I’m going to preface this review – one that I posted on the old Steamified site – by advising that I liked this game substantially more than other reviewers. I’m more than a little disappointed that the game averages a lowly 47 Metacritic score. The highest is a modest 65 (Everyeye.it). I appreciate that the game suffered (suffers) from a lot of issues and that from a critical perspective each writer can justify their scores. However, the developers have continued supporting and working on the game (the most recent update was in June) and that the game that it is today is not the game that they reviewed.
Born in 1980 I was a teenager of the 1990s. My childhood is what is commonly referred to as the golden era of video gaming. I watched the industry develop along with me from first playing the Atari consoles, the Commodore 64 and Amiga home personal computers, SEGA Master System, Nintendo, MEGA Drive, the original Sony PlayStation, Nintendo, etc. I cherished my childhood and video games were a major part of it. I remember some of the most amazing times in my life were experiencing certain games for the first time. One of those games was the original single-player FPS version of Unreal. I cherished exploring that spaceship and then exiting the craft and exploring the game world.
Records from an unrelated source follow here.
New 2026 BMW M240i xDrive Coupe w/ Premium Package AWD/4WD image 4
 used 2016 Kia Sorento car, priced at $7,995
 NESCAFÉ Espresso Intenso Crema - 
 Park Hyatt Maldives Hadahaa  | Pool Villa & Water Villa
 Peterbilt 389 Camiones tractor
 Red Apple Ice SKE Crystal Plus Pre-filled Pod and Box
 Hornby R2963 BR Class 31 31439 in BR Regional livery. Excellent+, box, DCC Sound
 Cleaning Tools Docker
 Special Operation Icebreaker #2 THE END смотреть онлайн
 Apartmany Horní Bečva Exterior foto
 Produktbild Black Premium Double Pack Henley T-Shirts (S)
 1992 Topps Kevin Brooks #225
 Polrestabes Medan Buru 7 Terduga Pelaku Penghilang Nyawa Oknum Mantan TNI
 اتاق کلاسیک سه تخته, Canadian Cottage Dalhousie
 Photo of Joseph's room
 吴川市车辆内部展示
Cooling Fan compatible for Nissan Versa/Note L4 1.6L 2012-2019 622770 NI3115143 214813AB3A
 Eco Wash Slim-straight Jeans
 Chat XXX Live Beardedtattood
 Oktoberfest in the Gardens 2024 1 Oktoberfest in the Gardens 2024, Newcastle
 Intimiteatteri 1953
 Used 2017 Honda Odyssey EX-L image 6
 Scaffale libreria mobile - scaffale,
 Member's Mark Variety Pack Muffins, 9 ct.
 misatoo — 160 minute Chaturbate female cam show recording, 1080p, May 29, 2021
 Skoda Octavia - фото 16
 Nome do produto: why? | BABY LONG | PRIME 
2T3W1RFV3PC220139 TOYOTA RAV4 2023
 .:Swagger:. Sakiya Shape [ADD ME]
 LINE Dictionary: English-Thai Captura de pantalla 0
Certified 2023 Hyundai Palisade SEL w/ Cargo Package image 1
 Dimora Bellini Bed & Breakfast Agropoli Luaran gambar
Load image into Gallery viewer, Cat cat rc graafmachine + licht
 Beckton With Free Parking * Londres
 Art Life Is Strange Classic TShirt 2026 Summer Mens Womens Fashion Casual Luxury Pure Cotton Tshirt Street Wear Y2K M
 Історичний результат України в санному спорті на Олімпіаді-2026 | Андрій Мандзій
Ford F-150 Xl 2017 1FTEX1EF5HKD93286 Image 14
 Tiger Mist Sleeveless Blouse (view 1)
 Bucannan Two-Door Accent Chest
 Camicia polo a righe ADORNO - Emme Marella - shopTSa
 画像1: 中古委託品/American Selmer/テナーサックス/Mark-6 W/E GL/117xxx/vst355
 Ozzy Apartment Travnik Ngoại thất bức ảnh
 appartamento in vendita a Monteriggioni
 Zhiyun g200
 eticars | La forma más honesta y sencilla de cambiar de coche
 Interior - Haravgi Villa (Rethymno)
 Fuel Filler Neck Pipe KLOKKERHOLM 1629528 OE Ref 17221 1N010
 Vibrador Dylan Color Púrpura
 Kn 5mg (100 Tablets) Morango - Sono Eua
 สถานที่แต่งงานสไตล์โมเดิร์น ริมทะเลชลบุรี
It’s one of my most prized video game experiences ever. Unfortunately, there isn’t a lot that compares to it these days and then I discovered that nostalgia in playing Solarix.
Now I’m not going to tell you that Solarix is in the same class as the original Unreal. However, the beginning of the game gave me those nostalgic feels like few other games have done before. I was excited. I was hopeful. I was in my happy gaming place. The start of the game was pure excitement for me. The game shows so much potential in the opening minutes that I couldn’t help but build my hopes up. Dashed they were a little bit but I’m still very happy that I got to have this experience and doubly so having found that lost feeling of nostalgia that exploring the craft provided me.
Unfortunately, just as the game was starting to peak early in the game it plateaued. I got the gun. I did what the game told me to do – turn off the lights. I was prepared to advance stealthily throughout the clearly dangerous area. Then I was out of bullets almost as quickly as I got them. Then the enemy spotted me. Then he drained bullet after bullet in me. I wasn’t enough of a bullet sponge. I had no way of defending myself let alone possessing the ability to kill him before he killed me. I was forced to restart the area from the last save point. Thank God for the save points. You will need them throughout the game because you sure as heck aren’t going to be killing any enemies with ease. Perhaps this is a good thing but when you feel as though you’ve done everything you can to stop being spotted you find yourself the enemy’s target. Sometimes these events feel utterly unfair. Sometimes it can feel like a genuine slog.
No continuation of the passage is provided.